Our calibration plots show for each PRS-age-subgroup the observed cumulative incidence against the mean PRSage_mInc for the same group. The observed cumulative incidence was calculated as the proportion (%) of breast cancer events within 3 or 5 years among the total number of women in each PRS-age-subgroup, with corresponding 95% CI calculated using the Wilson method (Fig. 4, Table 3). Per study design, no censoring was encountered over the periods envisaged.
Receiver operating characteristic (ROC) curves were constructed and the corresponding area under the curves (AUC) was calculated for the age_mInc and PRSage_mInc, for both the 3- and the 5–year time points. The 95% CI of the AUC was calculated with a non-parametric method (Delong) (Fig. 5).

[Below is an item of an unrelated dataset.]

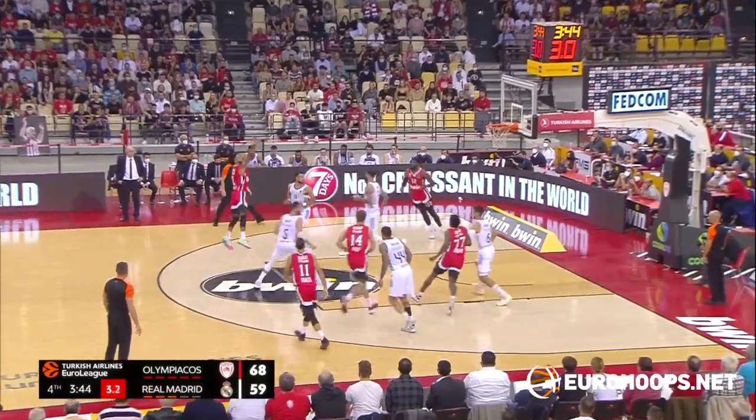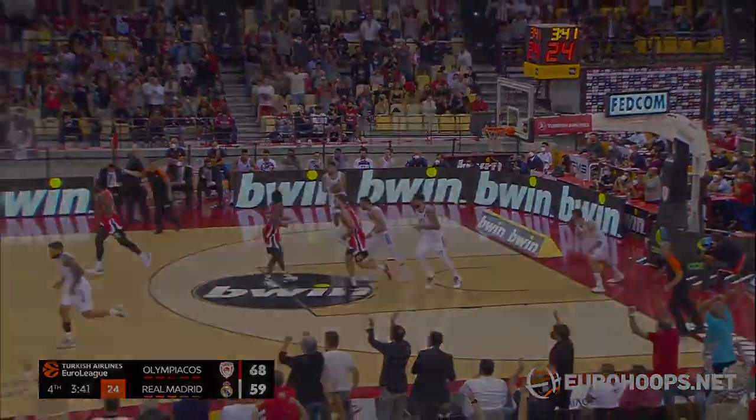Williams-Goss really guarding hard on the ball, and Dorsey manufactures a jump shot.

Using a risk threshold of ≥ 1%, we classified women as high or low risk. We constructed reclassification tables and calculated the net-reclassification index (NRI) to explore how the PRSage_mInc reclassified women into high- and low-risk groups, compared to classification by the age_mInc. Hence, within the group of women with breast cancer the absolute number and proportions of correctly reclassified women (i.e. women moving from an age_mInc below 1% to a PRSage_mInc ≥ 1%) and incorrectly reclassified women (i.e. women moving from an age_mInc ≥ 1% to an PRSage_mInc below 1%) were calculated. This was likewise calculated for the group of women without breast cancer, but with the opposite direction for correct reclassifications (i.e. women moving from an age_mInc ≥ 1% to a PRSage-mInc below 1%) and incorrect reclassifications (i.e. women moving from an age_mInc below 1% to a PRSage_mInc ≥ 1%). As an overall summary measure, the NRI was then calculated by first subtracting the incorrect reclassifications from the current ones in each group, and adding the two proportions. The 95% CI intervals of the NRI were calculated as proposed by Pencina et al, 2008 (35) (Tables 5 and 6).
P-values below 0.05 were considered to indicate statistically significant differences. All statistical analyses were performed using RStudio (Version 1.1.463, 2009–2018 RStudio, Inc.)